The F/B curve and the two azimuth plots show much less sign of a dramatic fall-off in F/B at lower frequencies; the F/B performance also seems to be several dB inferior to 10m although we have to remember that the height above ground (expressed in wavelengths) is quite different for the two bands.

Again the two tuning methods are predicting best F/B slightly low in frequency, but the 100KHz error is probably acceptable for most practical purposes.

17m:

The 17m SWR and F/B charts are again "classics"; the F/B curve peaks at 12dB and is skewed, whilst the SWR rises steeply below the frequency of best F/B. The two tuning methods predict the frequency of best F/B to an accuracy of 30KHz. The amateur band is quite narrow in percentage terms, and so it was necessary to extend the measurements well outside the band in order to see the characteristic shapes.

20m:

On 20m the F/B peaks at about 14dB between 14100 KHz and 14150 KHz. The F/B curve shows evidence of faster degradation at lower frequencies but it is not as pronounced as on 10m or 17m. The bandwidth over which the F/B exceeds 10dB is 200 KHz.

Both tuning methods do a pretty good job of predicting the frequency of best F/B.



I carried out only limited "on air" testing with other Amateur Stations. The few F/B measurements I made - both transmitting and receiving - produced values that were somewhat better than the figures presented here. For example I typically measured F/Bs of around 18dB on 17m compared to a peak figure of 12dB when range testing. This may simply be a result of different elevation arrival angles between the "on air" signals and the test source signal, but I note that Mike Traffie claims on his commercial Hexbeam website to see the same sort of improvement with sky-wave signals compared to line-of-sight signals.

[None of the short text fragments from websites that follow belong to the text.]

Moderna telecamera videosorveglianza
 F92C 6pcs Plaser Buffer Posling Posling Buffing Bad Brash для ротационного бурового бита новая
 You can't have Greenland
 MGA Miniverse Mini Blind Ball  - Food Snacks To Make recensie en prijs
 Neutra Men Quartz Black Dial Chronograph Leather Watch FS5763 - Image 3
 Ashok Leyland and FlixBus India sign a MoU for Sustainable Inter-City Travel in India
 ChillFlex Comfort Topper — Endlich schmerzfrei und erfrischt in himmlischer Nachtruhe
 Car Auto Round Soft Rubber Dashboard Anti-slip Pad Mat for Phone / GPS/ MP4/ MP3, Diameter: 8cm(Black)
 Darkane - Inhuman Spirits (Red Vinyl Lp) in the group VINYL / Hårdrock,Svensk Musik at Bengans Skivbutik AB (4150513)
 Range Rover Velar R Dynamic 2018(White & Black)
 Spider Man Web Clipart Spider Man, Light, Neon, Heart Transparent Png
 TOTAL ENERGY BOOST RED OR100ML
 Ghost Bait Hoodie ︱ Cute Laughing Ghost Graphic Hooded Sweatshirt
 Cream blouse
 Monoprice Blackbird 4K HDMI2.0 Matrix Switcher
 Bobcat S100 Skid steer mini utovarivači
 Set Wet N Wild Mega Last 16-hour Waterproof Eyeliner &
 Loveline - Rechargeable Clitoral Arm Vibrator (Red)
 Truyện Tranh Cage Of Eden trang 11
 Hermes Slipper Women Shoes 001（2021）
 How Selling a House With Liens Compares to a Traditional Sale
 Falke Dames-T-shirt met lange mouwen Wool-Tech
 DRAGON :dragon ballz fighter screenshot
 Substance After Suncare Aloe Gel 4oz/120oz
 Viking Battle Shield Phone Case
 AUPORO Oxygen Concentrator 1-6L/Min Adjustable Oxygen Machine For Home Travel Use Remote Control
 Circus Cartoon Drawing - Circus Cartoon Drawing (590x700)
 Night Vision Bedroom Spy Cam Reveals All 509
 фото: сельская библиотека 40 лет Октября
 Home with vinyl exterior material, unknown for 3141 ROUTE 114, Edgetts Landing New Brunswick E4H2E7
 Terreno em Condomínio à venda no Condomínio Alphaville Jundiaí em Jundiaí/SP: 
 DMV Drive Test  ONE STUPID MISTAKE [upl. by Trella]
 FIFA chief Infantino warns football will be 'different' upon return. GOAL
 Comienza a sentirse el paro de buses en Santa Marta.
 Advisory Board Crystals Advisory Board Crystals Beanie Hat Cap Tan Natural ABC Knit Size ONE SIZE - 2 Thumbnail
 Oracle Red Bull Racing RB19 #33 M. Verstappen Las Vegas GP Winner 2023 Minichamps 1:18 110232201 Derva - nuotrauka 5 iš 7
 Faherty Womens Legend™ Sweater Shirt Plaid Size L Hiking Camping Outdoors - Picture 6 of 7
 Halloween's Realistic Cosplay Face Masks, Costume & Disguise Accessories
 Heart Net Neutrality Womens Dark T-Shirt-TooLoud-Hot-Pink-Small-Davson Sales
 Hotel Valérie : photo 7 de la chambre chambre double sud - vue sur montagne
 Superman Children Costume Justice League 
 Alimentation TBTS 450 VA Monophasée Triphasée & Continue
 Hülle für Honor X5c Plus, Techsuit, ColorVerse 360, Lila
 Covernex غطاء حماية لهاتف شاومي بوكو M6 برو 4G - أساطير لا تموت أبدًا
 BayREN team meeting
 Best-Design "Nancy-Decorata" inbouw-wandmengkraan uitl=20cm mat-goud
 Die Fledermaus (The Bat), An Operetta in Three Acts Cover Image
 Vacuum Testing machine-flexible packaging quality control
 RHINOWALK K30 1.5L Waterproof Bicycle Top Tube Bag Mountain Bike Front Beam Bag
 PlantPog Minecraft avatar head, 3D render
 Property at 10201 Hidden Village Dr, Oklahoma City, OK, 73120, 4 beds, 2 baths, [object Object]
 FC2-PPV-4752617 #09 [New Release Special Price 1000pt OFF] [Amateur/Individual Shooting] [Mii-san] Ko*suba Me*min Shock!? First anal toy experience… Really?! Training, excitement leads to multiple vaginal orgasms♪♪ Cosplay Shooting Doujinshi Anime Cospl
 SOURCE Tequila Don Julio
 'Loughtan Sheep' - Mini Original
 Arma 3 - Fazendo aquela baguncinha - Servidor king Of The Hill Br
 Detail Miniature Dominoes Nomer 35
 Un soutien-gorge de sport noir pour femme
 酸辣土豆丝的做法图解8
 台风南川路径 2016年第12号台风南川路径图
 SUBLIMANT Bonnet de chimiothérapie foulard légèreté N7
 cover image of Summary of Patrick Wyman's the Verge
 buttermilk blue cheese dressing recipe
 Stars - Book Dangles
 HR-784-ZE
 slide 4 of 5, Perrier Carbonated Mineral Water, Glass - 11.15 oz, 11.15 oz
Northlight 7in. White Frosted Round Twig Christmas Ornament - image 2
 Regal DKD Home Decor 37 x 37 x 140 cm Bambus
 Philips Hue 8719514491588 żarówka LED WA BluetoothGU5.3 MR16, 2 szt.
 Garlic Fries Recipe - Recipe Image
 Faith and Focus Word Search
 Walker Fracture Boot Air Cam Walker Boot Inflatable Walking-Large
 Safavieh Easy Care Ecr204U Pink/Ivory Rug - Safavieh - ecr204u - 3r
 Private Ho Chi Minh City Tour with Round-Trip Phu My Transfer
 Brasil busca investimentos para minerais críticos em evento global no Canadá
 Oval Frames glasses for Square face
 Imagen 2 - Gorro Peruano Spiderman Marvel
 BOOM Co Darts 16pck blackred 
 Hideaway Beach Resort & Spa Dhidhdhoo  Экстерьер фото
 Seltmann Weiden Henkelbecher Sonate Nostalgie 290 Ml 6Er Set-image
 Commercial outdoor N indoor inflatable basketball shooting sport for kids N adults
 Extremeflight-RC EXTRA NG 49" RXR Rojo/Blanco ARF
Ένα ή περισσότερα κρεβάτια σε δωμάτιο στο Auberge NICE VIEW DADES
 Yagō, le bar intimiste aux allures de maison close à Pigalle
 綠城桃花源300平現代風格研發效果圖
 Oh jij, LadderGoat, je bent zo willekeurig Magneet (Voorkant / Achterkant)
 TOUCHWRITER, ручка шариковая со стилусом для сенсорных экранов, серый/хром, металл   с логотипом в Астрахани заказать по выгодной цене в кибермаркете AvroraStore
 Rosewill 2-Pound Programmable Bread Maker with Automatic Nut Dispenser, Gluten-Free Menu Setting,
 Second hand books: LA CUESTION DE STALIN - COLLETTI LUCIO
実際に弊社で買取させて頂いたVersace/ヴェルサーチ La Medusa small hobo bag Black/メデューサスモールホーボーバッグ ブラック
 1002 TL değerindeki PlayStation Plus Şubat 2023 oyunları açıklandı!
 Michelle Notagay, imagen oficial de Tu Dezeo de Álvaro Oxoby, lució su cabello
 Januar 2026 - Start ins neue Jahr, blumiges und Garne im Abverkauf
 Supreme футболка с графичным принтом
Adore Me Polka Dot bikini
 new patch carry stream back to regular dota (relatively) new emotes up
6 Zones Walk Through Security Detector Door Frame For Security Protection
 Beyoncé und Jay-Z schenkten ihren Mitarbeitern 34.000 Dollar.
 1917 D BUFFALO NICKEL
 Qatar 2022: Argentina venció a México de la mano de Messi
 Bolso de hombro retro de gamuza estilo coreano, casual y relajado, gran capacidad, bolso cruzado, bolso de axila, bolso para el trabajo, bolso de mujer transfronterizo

2. Comparison with recommended dimensions

Reflector length
(ins)
Predicted frequency
(KHz)
Measured frequency
(KHz)
Difference
219.75 14,098 14,125 + 27 KHz
170.5 18,141 18,100 - 41 KHz
145.25 21,211 21,300 + 89 KHz
109.25 28,312 28,300 - 12 KHz

It is interesting at this point to compare the measured beam tuning with the 5 band wire dimensions recommended on the Classic Hexbeam Basics page. Scaling the frequencies to take account of my slightly different Reflector lengths, and adding the correction factors tabulated in 'Multiband Tuning (Part 2)' for the absence of 12m, we can compare the predicted frequencies with the measured frequencies as follows:

The agreement is very close indeed - the differences are comparable with my measurement intervals. My conclusion is that the recommended dimensions are robust and repeatable.